More fun with Scatter Plots


I have mixed feelings about scatter plots. One the one hand you´re showing each individual kid which can be a useful corrective against the fact that taking averages can obscure interesting outliers and patterns. However, the strength of showing everybody is also a weakness as it´s very difficult to compare one scatter with another or to get an impression of how a year/class is doing overall because there are so many different pieces of information to process. It can also be hard to convey to teachers how to use them productively because (as we´ll see) a simplistic above the line good, below the line bad approach is misguided.

There are also BI specific problems we need to address, but first lets look at the properties of the visual. My sample data is described in a previous post, my pbix is here and you can download it here.


The Scatterplot controls


Details: StudentID – that means each student gets their own dot.
Legend: Result type – that means the results for each Result Type are calculated separately and their dots have their own colours

X Axis: Average of KS2Pts – each kid only has one value for KS2 Pts so the average is that value.

Y Axis: Average of Points – Points here refers to internal assessment grades so here multiple values will exist. If you use filters to choose a single Subject, Year and Term then you’ll get that value. But if say you filter to Year 11, Autumn but English, Maths and Science then you’ll get one dot per student and its position will be the average of those three subjects’ grades.

Size: Count of StudentId – you might think that this will tell you how many students are at a particular KS2/KS4 intersection but you’d be wrong because remember, each student gets their own dot. So if you have three subjects (or years or terms) visible and the *same kid* has three grade 5s then their dot will be three times the size. But if you have three kids with the same x and y values then their three dots will be on top of one another and you will only see one of them. Hovering over them with a tooltip will also only reveal one.

Dealing with the Student superposition problem

What we need to do is alter the value of each kid’s output so they’re no longer exactly identical, which you can do by creating a measure (New Measure on the Modelling Tab).
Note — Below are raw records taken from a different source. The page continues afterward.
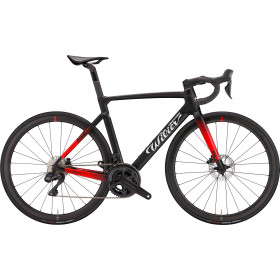 Wilier Cento10 SL 105 Di2 Noir Rouge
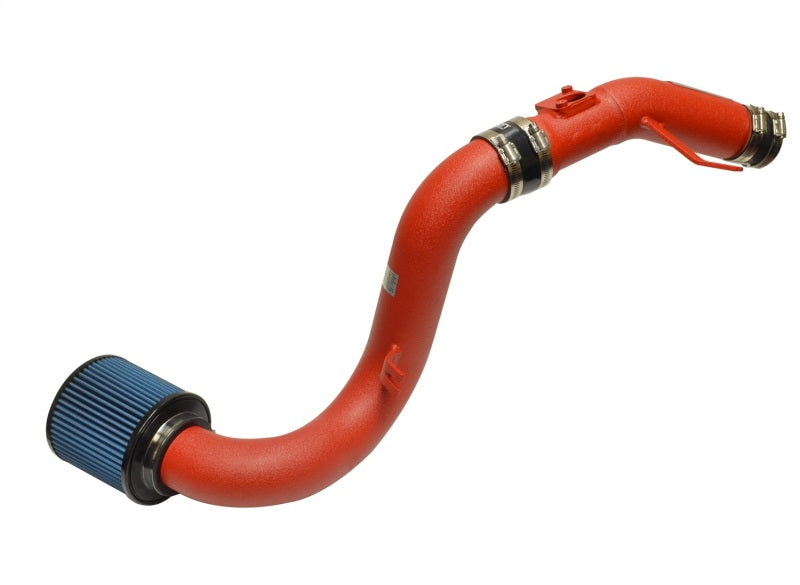 Injen 2017+ Honda Civic Si 1.5L Wrinkle Red Cold Air Intake-thumbmail-5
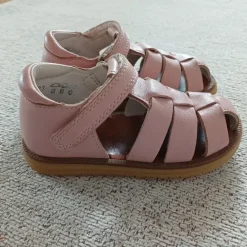 Elefanten Sandalen rosa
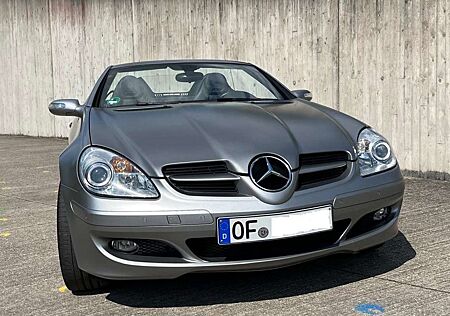 Mercedes-Benz SLK 200 Kompressor Automatik Edition 10 8-fach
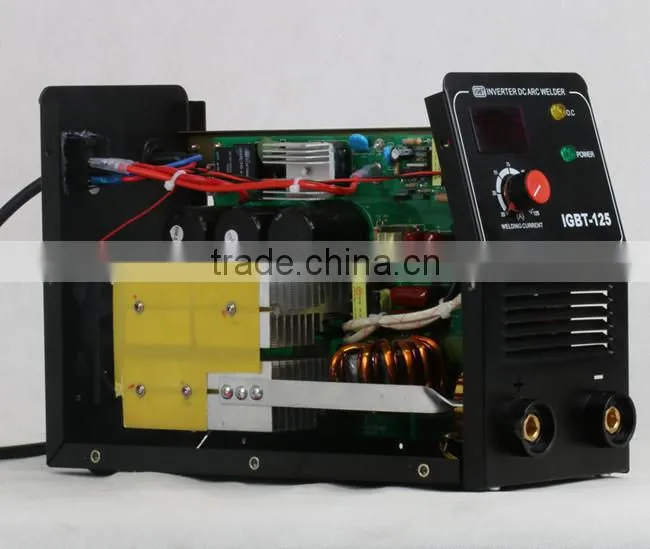 IGBT dc inverter welding machine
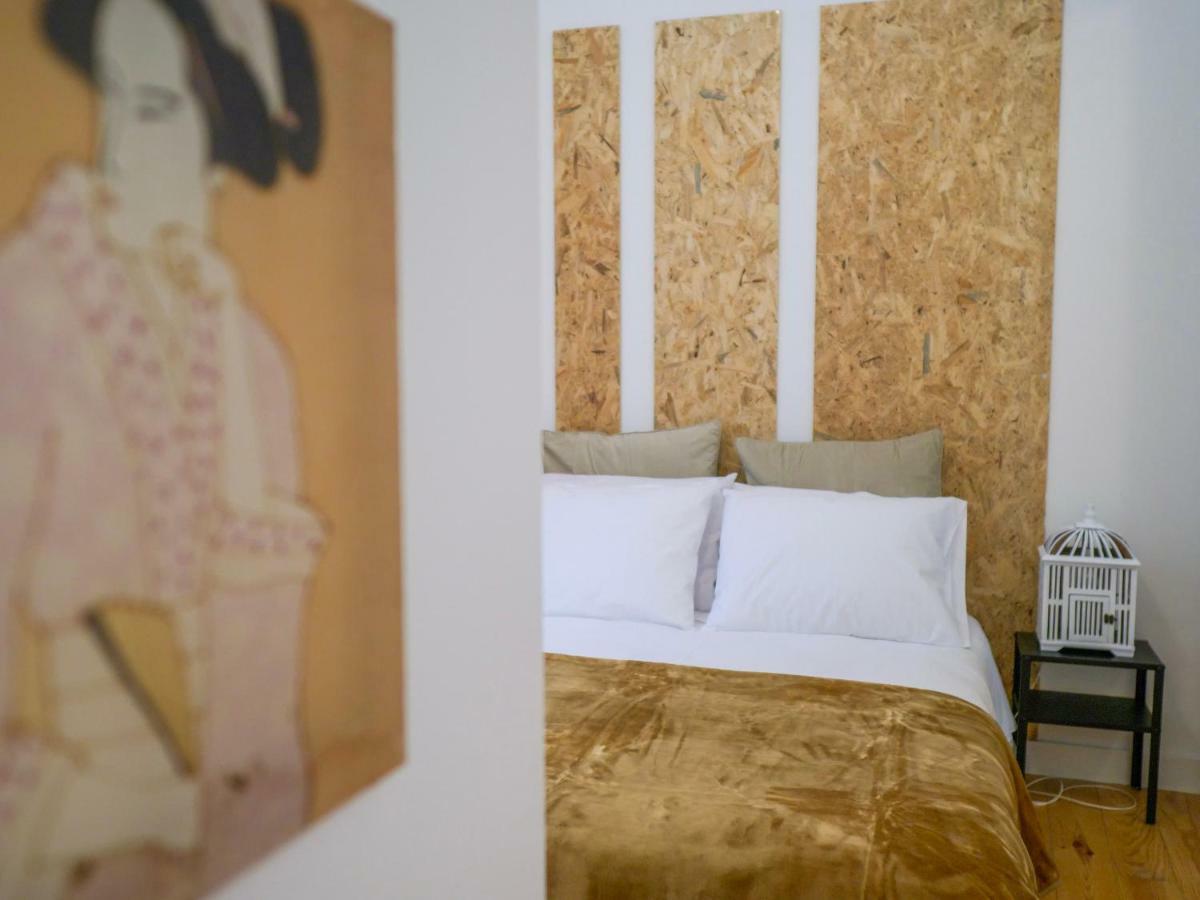 ליסבון Sapateiros Street 207 - City Center Apartment מראה חיצוני תמונה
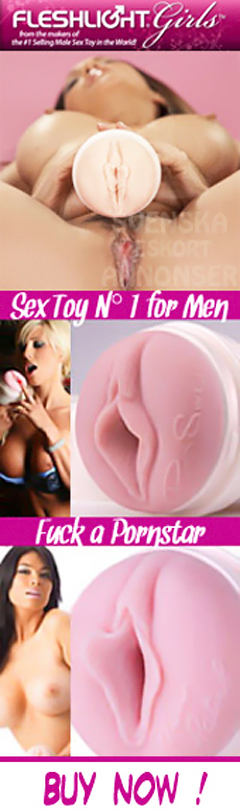 Fleshlight Girls - Fuck your favourite Pornstar !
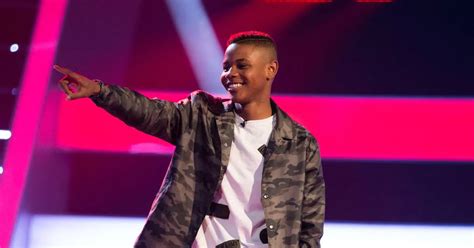 The Voice bookies’ favourite Donel Mangena reaches final.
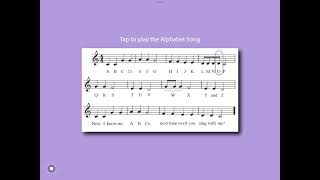 Iwritewords Abc Song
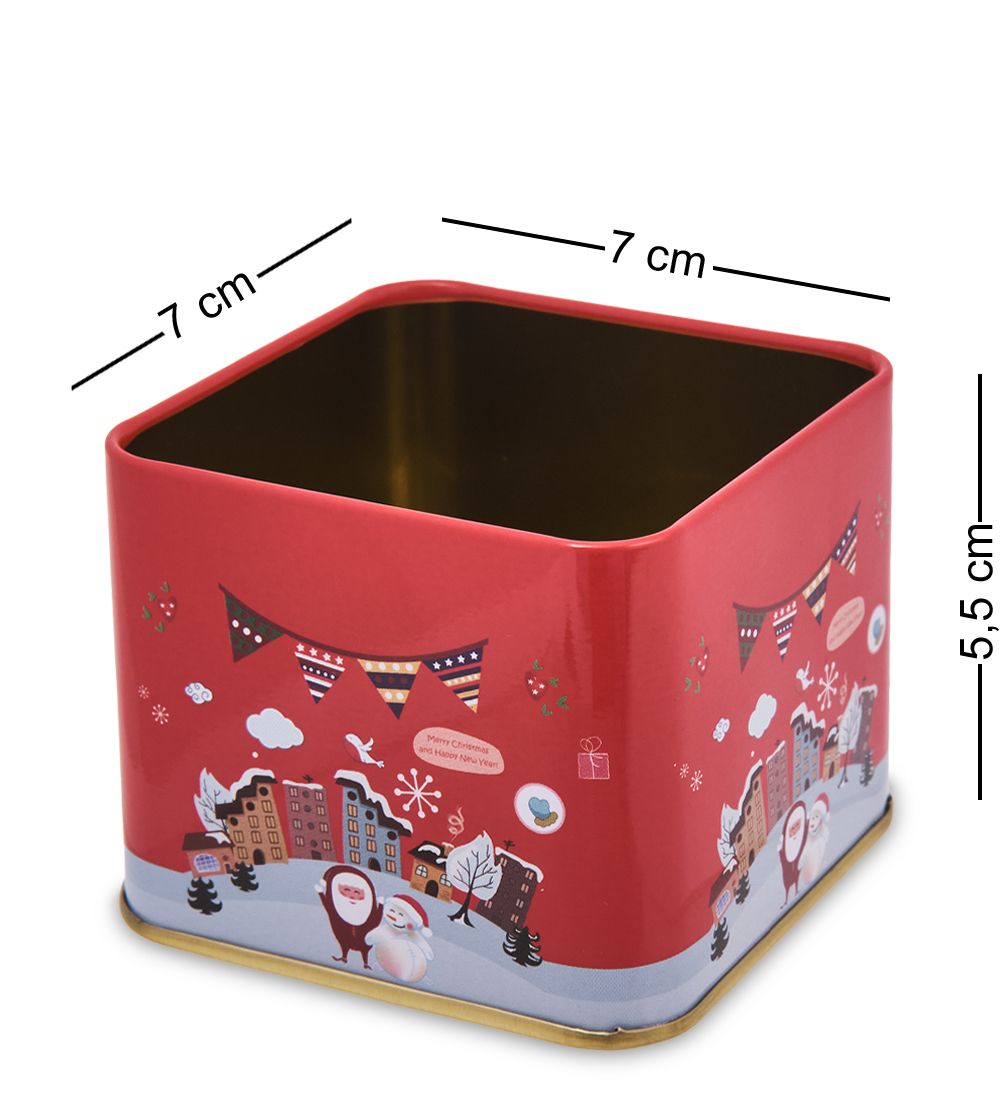 TCN-29/ 1 Коробка металлическая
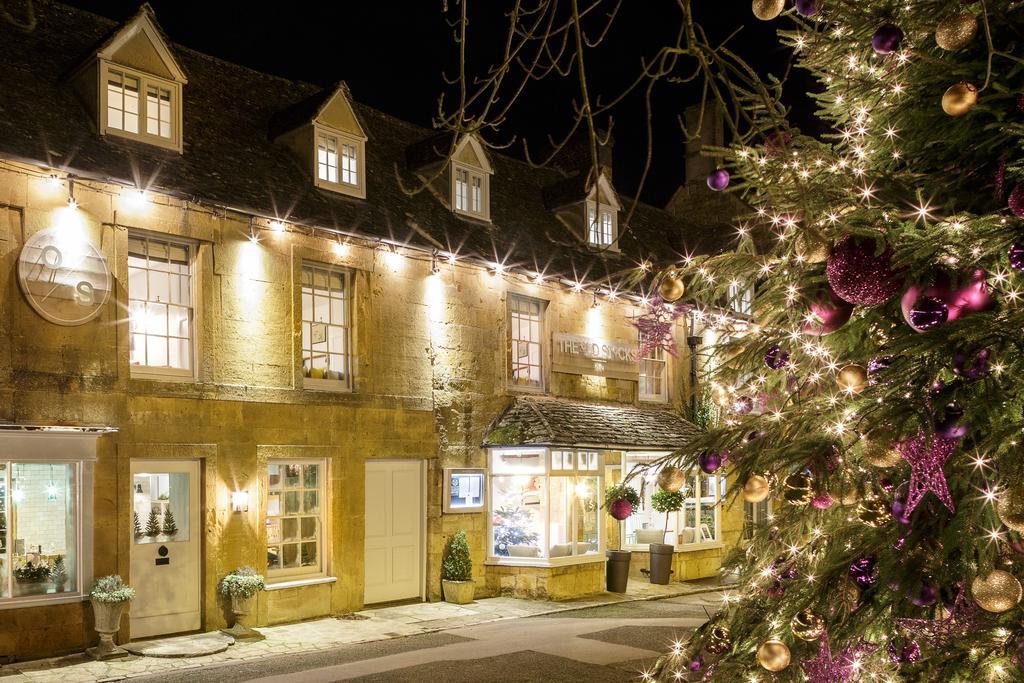 The Old Stocks Inn Stow-on-the-Wold المظهر الخارجي الصورة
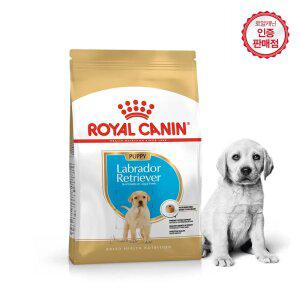 로얄캐닌 강아지사료 래브라도 리트리버 퍼피 3kg+캔1개+캐리어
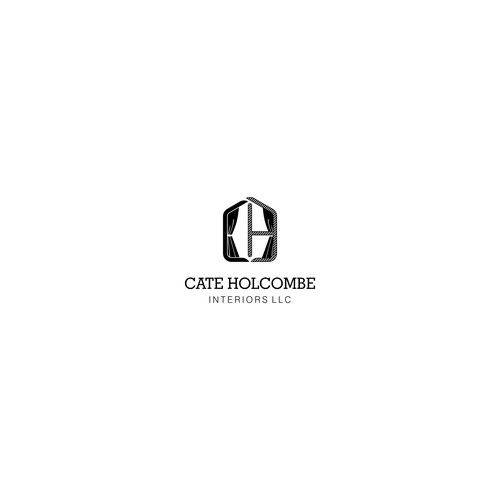 Classic Logo Concept for Cate Holcombe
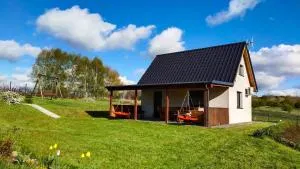 Domek nad jeziorem - Zwartówko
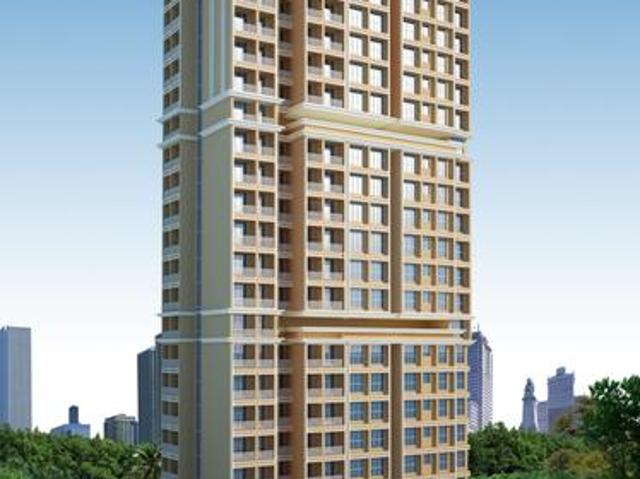 Bhandup West 1 BHK Apartment For Sale Mumbai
YaxisOffset = AVERAGE(Merge1[Points])+ (RANDBETWEEN(-4000,4000)/100000)

AVERAGE(Merge1[Points]) is what happens when you drag the Merge1[Points] field onto the visual and set the summarization to Average. The measure merely adds a random number between -0.004 and 0.004 so that two dots with the same values are no longer in exactly the same place.

There´s obviously a trade off here because you make each kid more visible by making the output less accurate so play with the values in the measure until you have a good balance (also consider doing the same to the x axis value)

Adding a tooltip page

The obvious piece of info you need to make your scatter worthwhile is who each dot is. You can do this easily by dragging your students´name field into the tooltip property of the visual. To get maximum value out of the visual though, a better option is to create a tooltip page. 
Create a new page with the yellow plus. 

On the new page, open the formatting menu and under page information set the type to Tooltip. Under size select Tooltip (for now - tooltip pages can be any size)
We need a measure to give us the kid´s name and basic details, mine is:

Name = SELECTEDVALUE(Students[StudentId]) & ", " & SELECTEDVALUE(Students[Lastname]) & ", " & SELECTEDVALUE(Students[Firstname])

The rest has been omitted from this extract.